In reality, Labour’s “fundamental values” have been to maintain the capitalist order, particularly during times of crisis. Ardern’s persona of “kindness,” alongside boasts that Labour’s cabinet is the most “diverse” ever in its representation of women, Maori and Pacific Islanders and gays, is being assiduously promoted while the government oversees a massive further transfer of wealth to the rich.

The Green Party issued a statement supporting an increased welfare payment. Co-leader James Shaw described himself as “incensed” over rising house prices, labelling Labour as “irresponsible” for refusing to entertain a tax on capital gains. This is hollow theatrics. The Greens have, in return for two ministerial posts, promised to support the government.

The Reserve Bank last week extended its program of “quantitative easing,” pledging $28 billion on top of its already-committed $100 billion, to provide loan funding to banks at near-zero interest rates. The money has no strings attached. It is being used to bolster the banks’ profits and pump up house prices—which have escalated by 20 percent in the past year—through loans to speculators. On Tuesday, Ardern flatly rejected calls for the government to intervene and rein in the Reserve Bank.
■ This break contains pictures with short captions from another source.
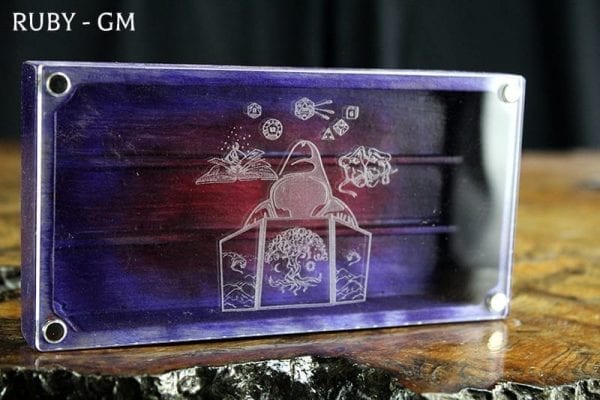 Looking Glass XL Ruby Game Master Dice Box TTRPG Accessory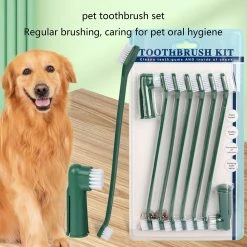 Unbranded 8pcs Pet Double Pour La Tête Et Le Doigt Brosse à Dents Dog Pour Chat Puppy Teeth Care Cleani 9 Unbranded 8pcs Pet Double Pour La Tête Et Le Doigt Brosse à Dents Dog Pour Chat Puppy Teeth Care Cleani -nourriture pour chien boutique 621048421 max
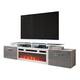 Rova WH-EF Electric Fireplace Modern 75" TV Stand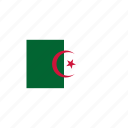 algeria, country, flag, national 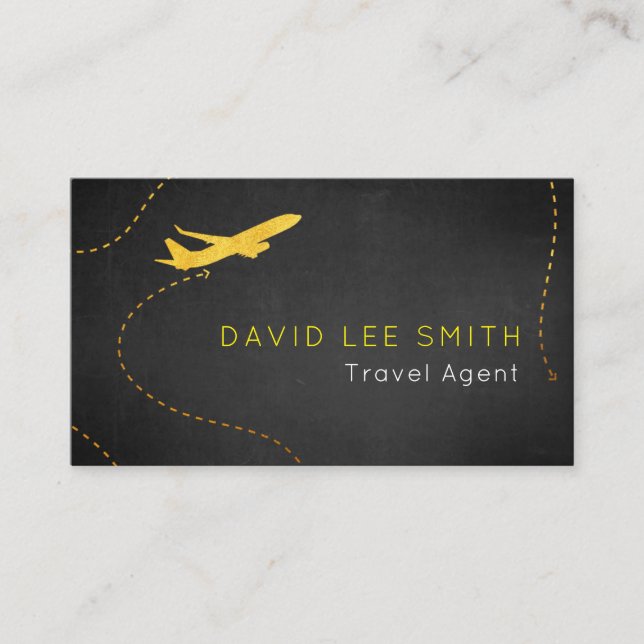 Travel Agent Business Card (Front)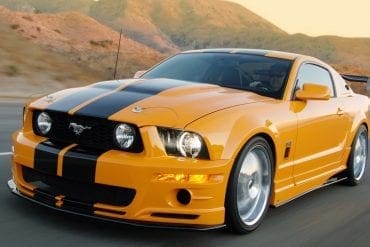 Orange Mustang Colors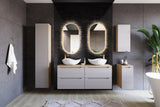 Badezimmer-Oberschrank Oceana Beige 35 × 75 × 19 cm mit 1 Tür – Ansicht 4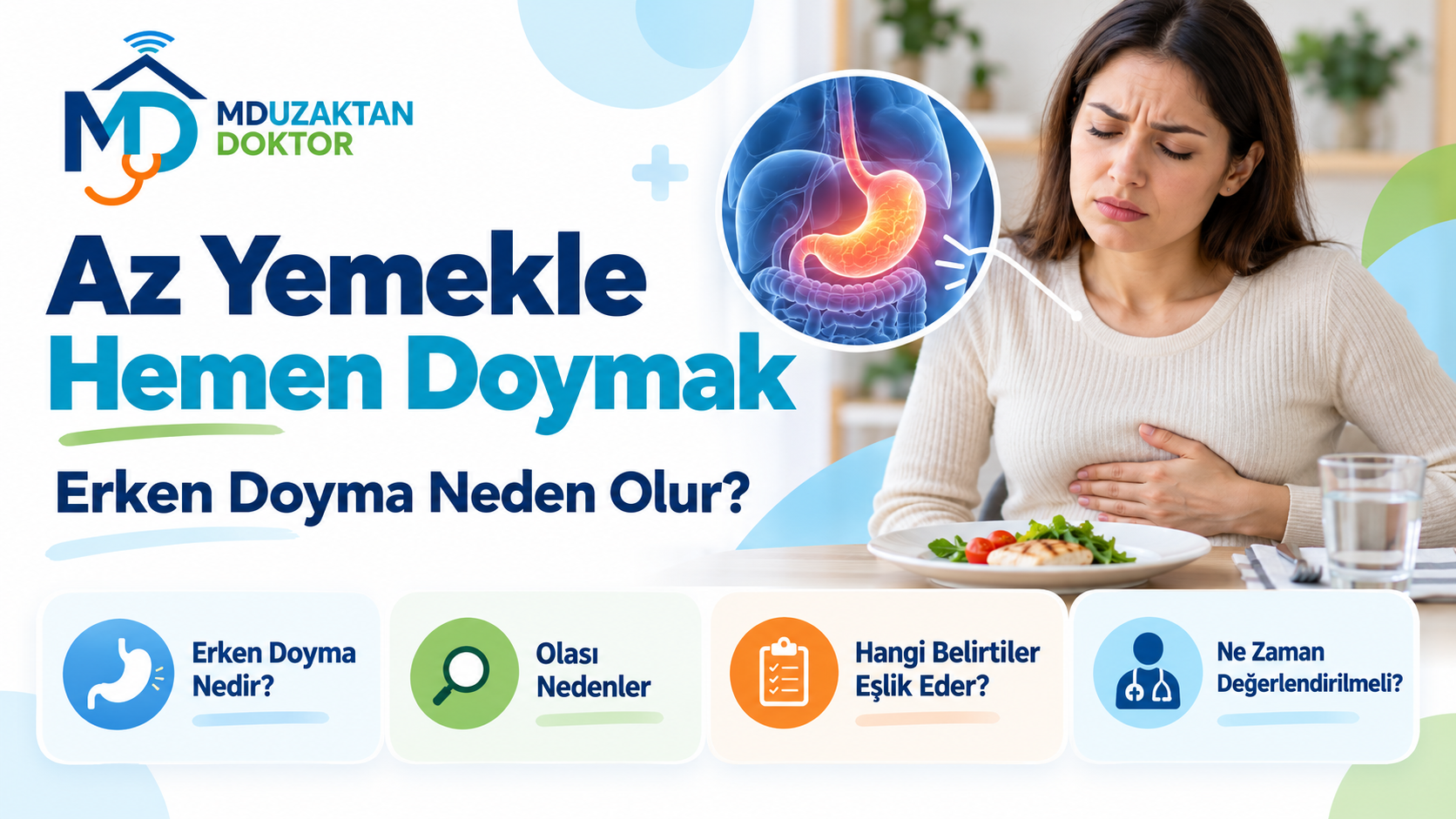 Az Yemekle Hemen Doymak: Erken Doyma Neden Olur?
The Labour-Greens pro-business trajectory exposes all those, especially the trade unions and pseudo-left groups, who promoted them during the election campaign. The union-funded Daily Blog, which is now complaining that Ardern “disappoints the Left,” previously glorified a possible Labour-Greens-Maori Party coalition as “the most progressive Government NZ could ever have,” ready to implement “radical reforms.”
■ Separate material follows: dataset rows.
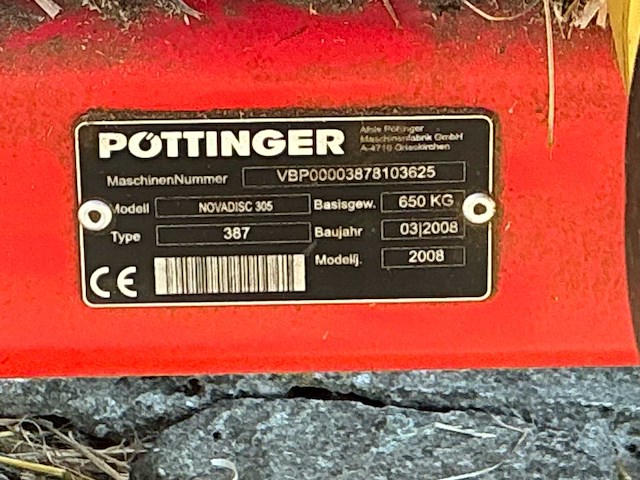2008 pöttinger novadisc 305 schijvenmaaier - afbeelding 8 van  10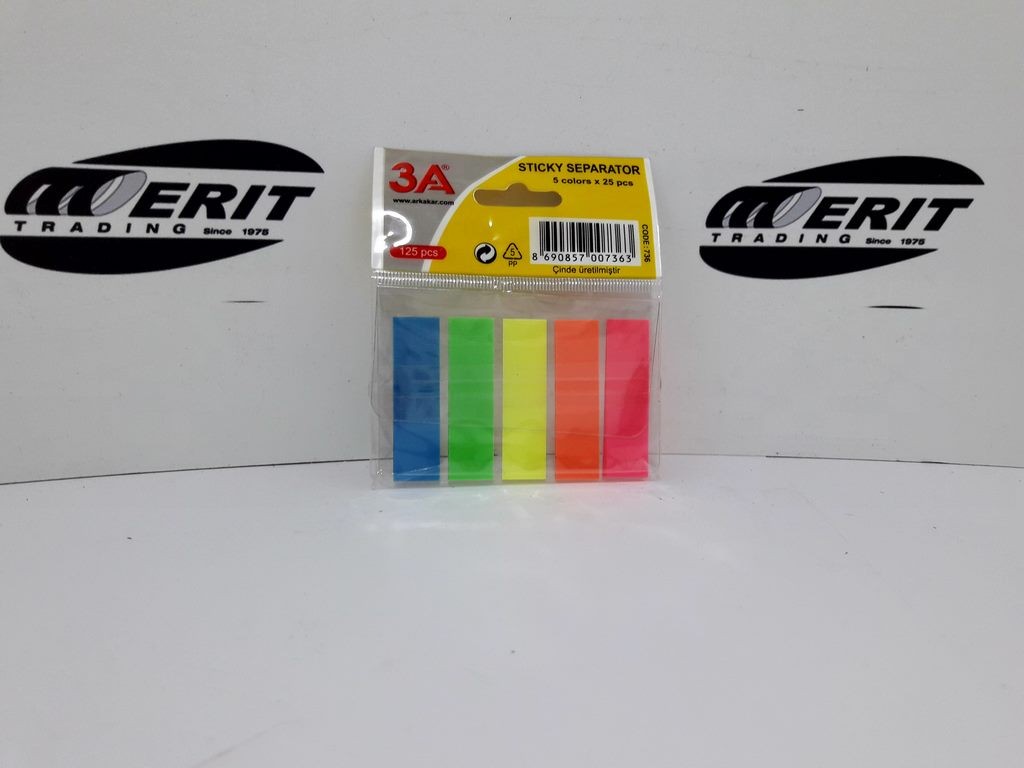 Page Markers / Tabs - size 45 x 12 Neon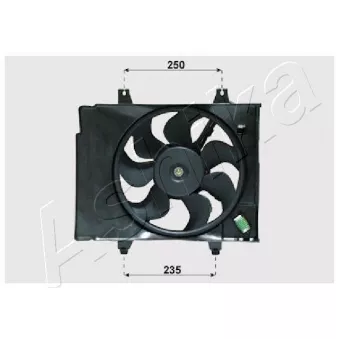 Ventilateur, refroidissement du moteur AVA QUALITY COOLING KA7521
The unions are playing a cynical role. A line-up headed by the NZ Council of Trade Unions signed the ActionStation open letter. Yet they have all suppressed any opposition among workers to the attacks on jobs, wages and social conditions carried out under the cover of the COVID-19 pandemic, while applauding the government’s billion-dollar handouts to big business.

Following an announcement by Air New Zealand this month that 385 international cabin crew would be made redundant, adding to the 4,000 already laid off with the collaboration of the unions, the E Tu union launched a nationalist “Kia Kaha Aotearoa” petition, begging the company to stop outsourcing work overseas.

Company CEO Greg Foran bluntly dismissed the suggestion as not “the best or most feasible business outcome.” A multi-million-dollar share offer has been given to Foran and his executive team, which E Tu meekly declared would “further damage the airline’s recovery.”

While refusing to lift welfare benefits, the Labour-Green government is continuing to pour cash into the hands of the wealthy. The country’s major companies, now including Fletcher Building and Fulton Hogan, have received millions of dollars from the COVID-19 “wage subsidy” scheme to boost profits while sacking thousands of workers. Fulton Hogan not only announced a $222 million annual profit, but rewarded shareholders with $79.5 million in dividends, bolstered by $34.3 million from government subsidies.